“Good ideas come to me when I am very comfortable, when I am very happy,” says Won Do Heo, who is on the biology faculty at Korea Advanced Institute of Science and Technology (KAIST), and is a neuroscience fellow at the Institute for Basic Science, both in Daejon, Republic of Korea. An idea might come to him in a lab conversation, at a seminar or conference, when he is jogging, on one of his daily walks on a hill, or in the sauna at home.

Won Do Heo.

It was a Korean national holiday and Heo was alone in the lab, thinking. He had spent a decade developing and using optogenetic tools. Suddenly, he realized how he might finally turn intrabodies, which are antibodies used to study intracellular proteins, into inducible tools.

Heo and his lab converted the idea into two classes of tools to target and manipulate proteins inside cells: optobodies, which can be activated by light; and chemobodies, which can be activated by small molecules. These tools leverage nanobodies, based on camelid antibodies, that are prized in cell biology for being soluble and small — they’re around half the size of a green fluorescent protein molecule.

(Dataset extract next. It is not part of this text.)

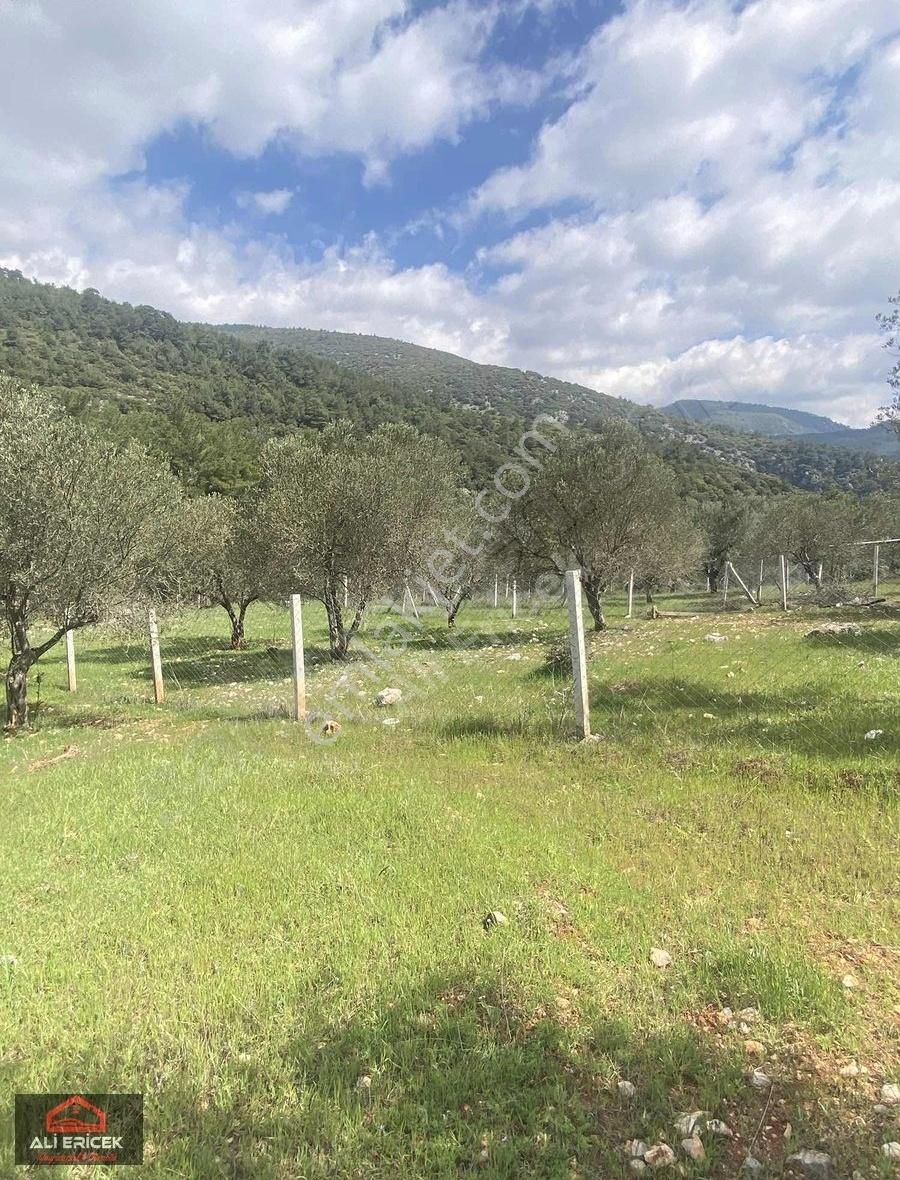 Elektrik Alınabilir Mahalle Konumunda Ulucağa Yakın Bahçe - Görsel 4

During that holiday musing, Heo had figured out at which cysteine residues he could split the nanobody to generate two inactive parts that do not bind a targeted protein. He checked the nanobody structure, and experiments got underway. The split structure lets an experimenter use light to, for example, activate or inhibit a protein at the cell membrane, at an organelle or in the cell nucleus. When the nanobody halves are separate, it’s like having only one chopstick for a meal, he says. Work only gets done when the other half enters the scene.

The tools offer high-resolution temporal and spatial information about endogenous proteins, says Heo. With optobodies, light can help with manipulating a targeted protein and thus shape cell function. The team’s chemobody would be good for an in vivo experiment, he says. Such studies, for example in neurobiology, are on his to-do list.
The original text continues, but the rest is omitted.